Tjahya mengatakan implementasi SRG merupakan suatu instrumen tunda jual dan pembiayaan perdagangan bagi petani, kelompok tani, gabungan kelompok tani (gapoktan), koperasi tani maupun pelaku usaha. Instrumen ini dapat menyediakan akses kredit bagi dunia usaha dengan jaminan barang (komoditi) yang disimpan di gudang.
Berdasarkan Peraturan Menteri Perdagangan Nomor 33 Tahun 2018, setidaknya ada 17 komoditas yang dapat disimpan dalam gudang SRG yaitu gabah, beras dan jagung, kopi, kakao, lada, karet dan rumput laut, rotan, garam, gambir, teh, kopra, timah, bawang merah, ikan dan pala. Dalam implmentasinya, Tjahya mengatakan masih menemukan sejumlah hambatan.

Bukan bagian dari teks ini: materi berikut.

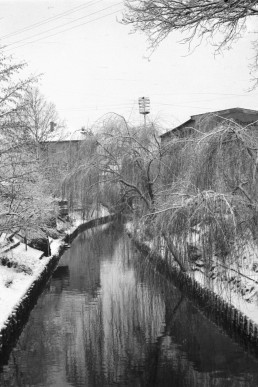 An der winterlichen Sprotte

Tjahya mengatakan implementasi pemanfaatan SRG ini merupakan bagian dari 100 hari program kerja Kemendag. Setidaknya, ada 10 daerah yang tengah dikebut dalam implementasinya untuk dijadikan pilot project, yaitu Lebak, Kuningan, Ciamis, Demak, Purworejo, Bolaang Mongodow, Wakatobi, Dompu, Probolinggo, dan Sumenep.
“Gudangnya sudah ada, tapi belum implemntasi SRG. Kami harap dalam 100 hari ini sudah terbentuklah tiga kelembagaannya, seperti pengawas gudang, lembaga penguji, dan perbankan,” tutur Tjahya.
Kepala Biro Pembinaan dan Pengawasan Sistem Resi Gudang (SRG) dan Pasar Lelang Komoditas (PLK) Ninuk Rahayuningrum mengatakan petani masih enggan masuk SRG biasanya karena merasa belum ada kepastian pembeli setiap komoditas yang masuk gudang. Hal itu yang membuat petani lebih memilih tengkulak untuk menyalurkan hasil panennya.
Untuk itu, Ninuk mengatakan setiap pengelola gudang yang ditunjuk nantinya tak hanya sekedar menjaga gudang, tetapi juga harus mampu mencari pembeli siaga atau standby buyer. Beberapa gudang yang telah memiliki standby buyer di antaranya gudang Lampung yang langsung menjual ke Food Station Tjipinang, Jakarta Timur. "Untuk ke depan kami ingin buat aturan kalau mau buka gudang harus menyertakan pengelola dan stand by buyer," ujar Ninuk.
Deputi Bidang Pangan dan Pertanian Kementerian Koordinator Bidang Perekonomian Musdhalifah Machmud mengatakan akan mendorong pemerintah daerah untuk optimalisasi gudang yang sudah dibangun. Pasalnya, kata Musdhalifah, gudag tersebut merupakan aset yang dimiliki oleh kabupaten.
"Upaya ini dilakukan dengan sinergi kerja sama Kemendag atau Bappebti, Kementerian Pertanian (Kementan), Kementerian Desa, Pembangunan Daerah Tertinggal, dan Transmigrasi Republik Indonesia, dan Kementerian Koperasi dan Usaha Kecil dan Menengah," ujar Musdhalifah kepada Tempo.